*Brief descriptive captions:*
▬▬▬▬▬▬▬▬▬▬

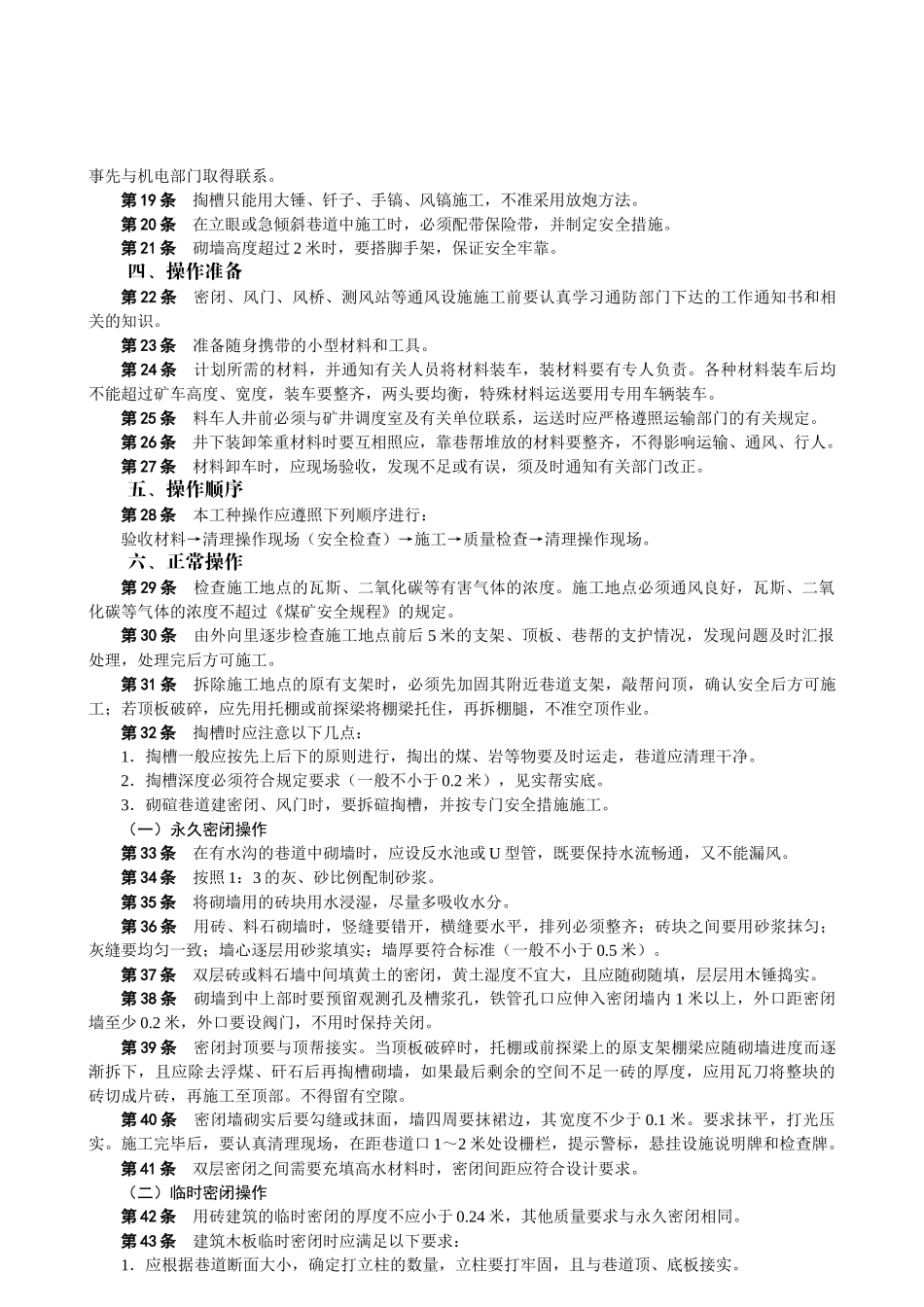 煤矿工人操作规程(第五篇通风)_第2页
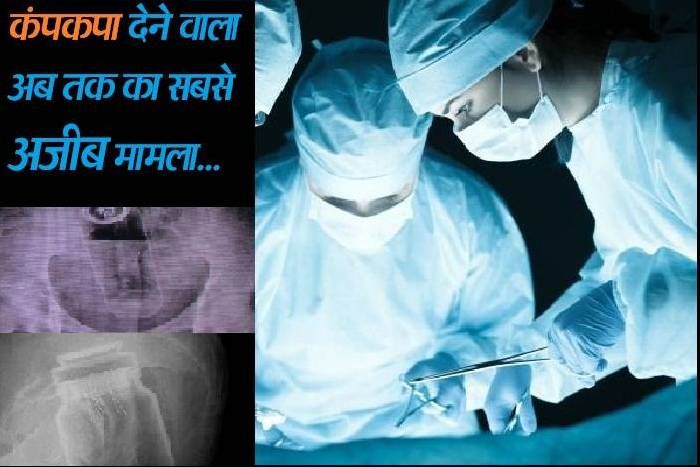 news & Photos rajasthan जयपुर में सामने आया है अब तक का सबसे अजीब ये मामला, पढ़कर आप भी रह जाएंगे भौचक्के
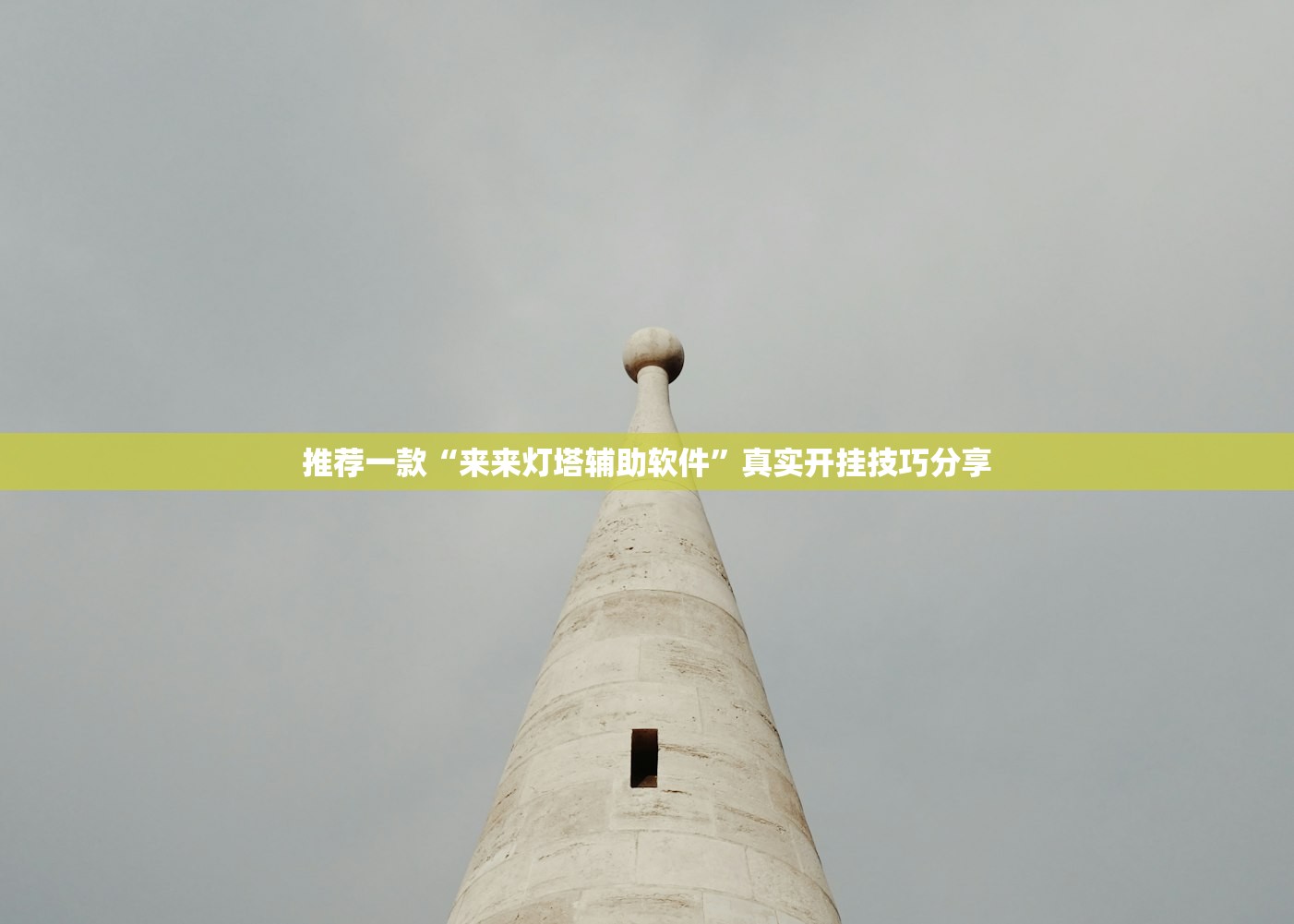 教程开挂辅助“雅苑湖北麻将是不是有挂”附开挂脚本详细步骤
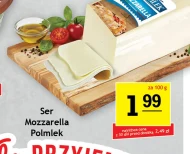 Моцарела Polmlek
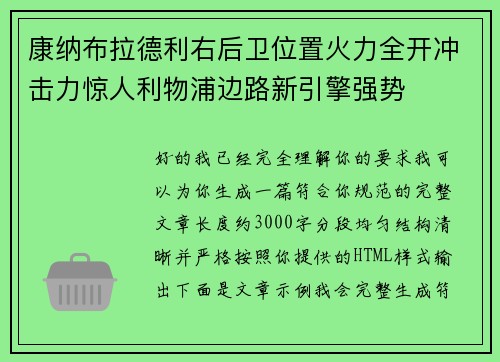康纳布拉德利右后卫位置火力全开冲击力惊人利物浦边路新引擎强势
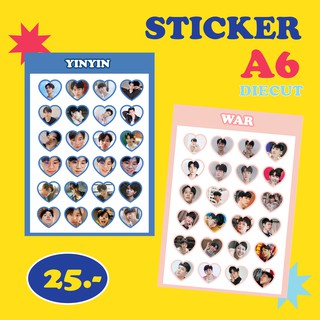 สติ๊กเกอร์ หยิ่น วอร์ [Sticker Die-cut] A6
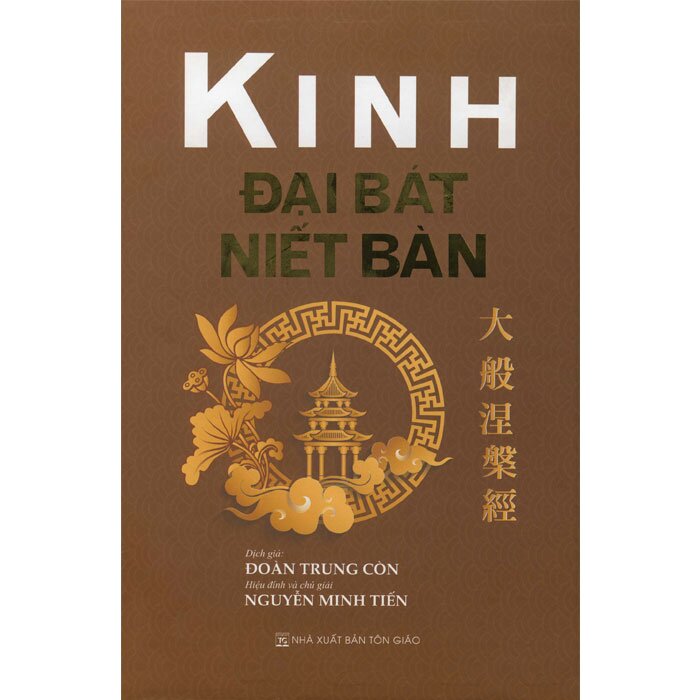 Kinh Đại Bát Niết Bàn - Bộ 4 Tập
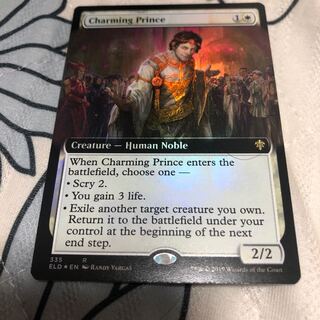 mtg Charming Prince extended foil English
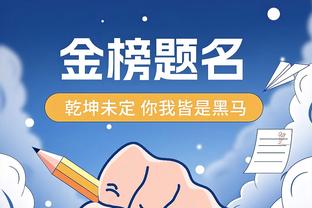 贾森：如果以控卫建队 当家球星拿不到25-30分球队就会输球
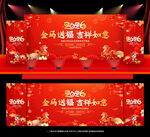 2026春节晚会背景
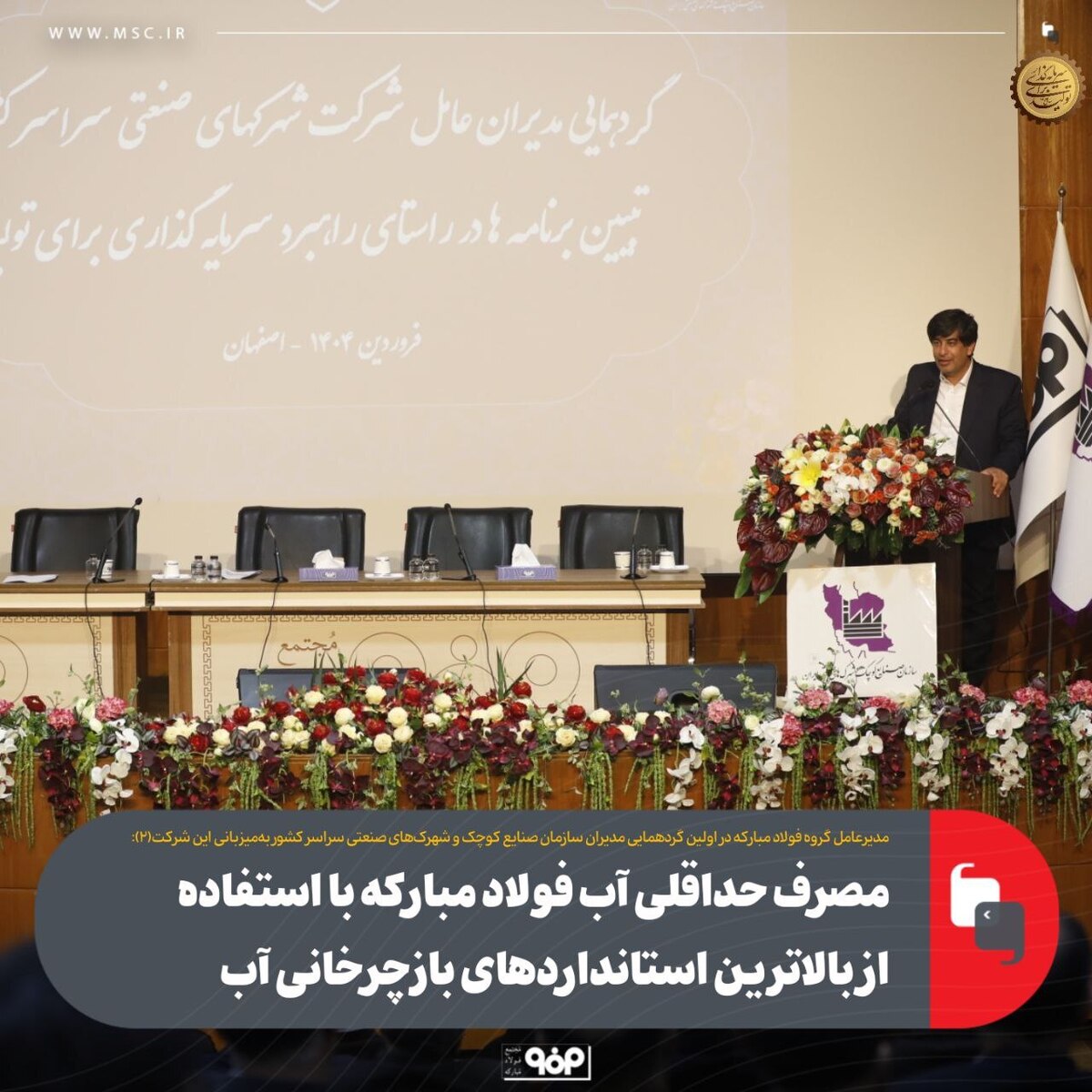 مصرف حداقلی آب فولاد مبارکه با استفاده از بالاترین استانداردهای بازچرخانی آب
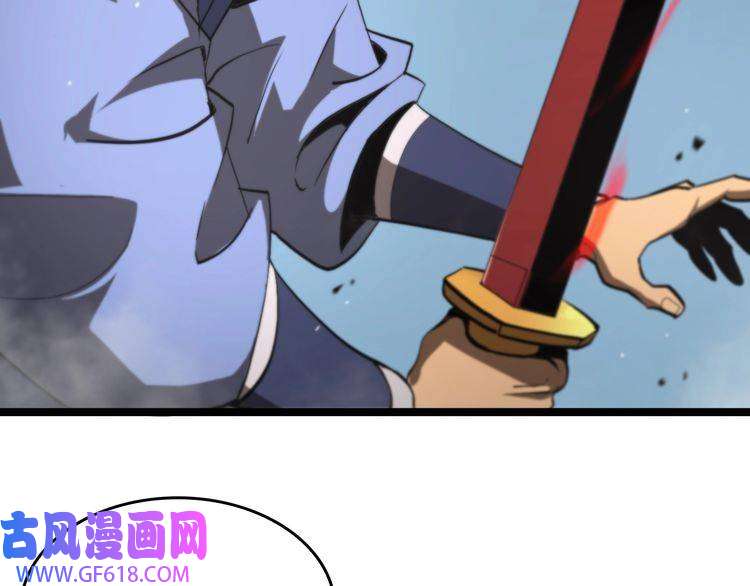 诸界末日在线第124话 秋后算账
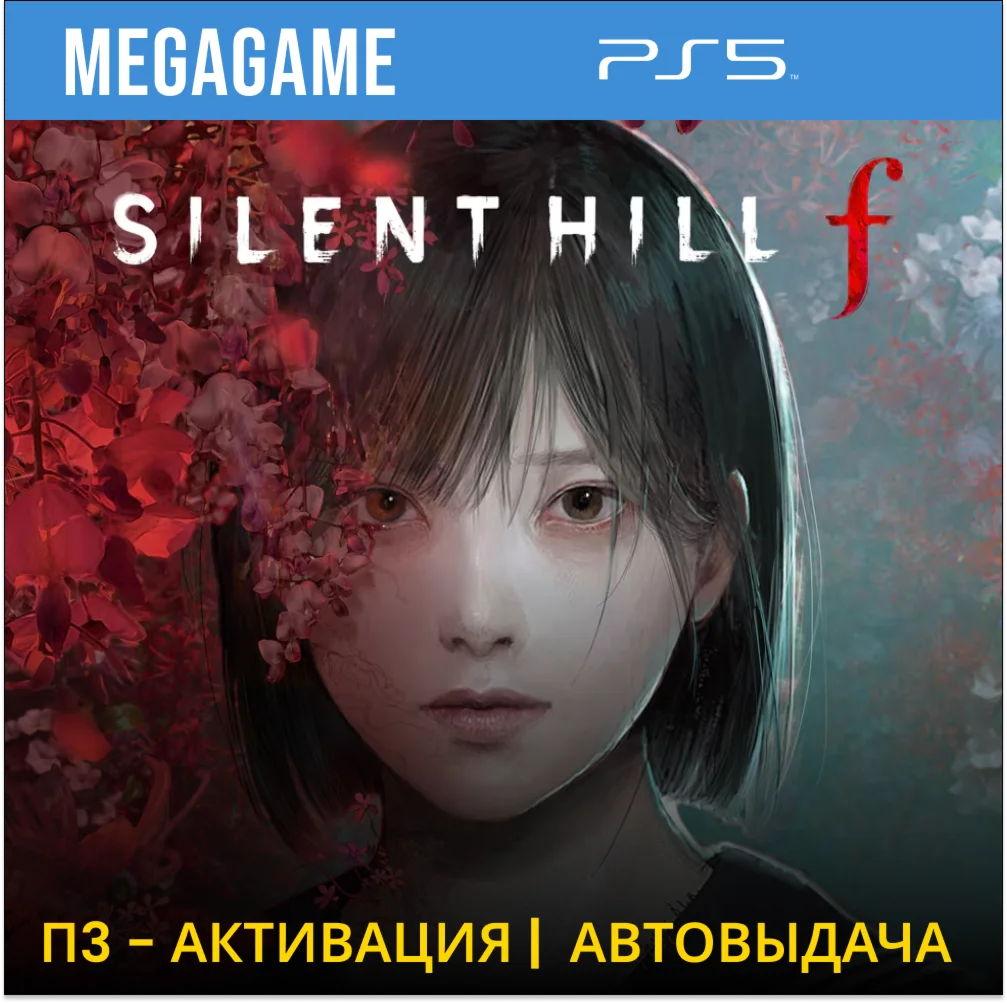 SILENT HILL f (PS5/RU) П3 - Активация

▬▬▬▬▬▬▬▬▬▬

*Task item:* Only the text of the records belongs in your answer, repeated exactly; the pictures stay out.

*Solution to the problem:*
 煤矿工人操作规程(第五篇通风)_第2页
 news & Photos rajasthan जयपुर में सामने आया है अब तक का सबसे अजीब ये मामला, पढ़कर आप भी रह जाएंगे भौचक्के
 教程开挂辅助“雅苑湖北麻将是不是有挂”附开挂脚本详细步骤
 Моцарела Polmlek
康纳布拉德利右后卫位置火力全开冲击力惊人利物浦边路新引擎强势
 สติ๊กเกอร์ หยิ่น วอร์ [Sticker Die-cut] A6
 Kinh Đại Bát Niết Bàn - Bộ 4 Tập
 mtg Charming Prince extended foil English
 贾森：如果以控卫建队 当家球星拿不到25-30分球队就会输球
 2026春节晚会背景
 مصرف حداقلی آب فولاد مبارکه با استفاده از بالاترین استانداردهای بازچرخانی آب
 诸界末日在线第124话 秋后算账
 SILENT HILL f (PS5/RU) П3 - Активация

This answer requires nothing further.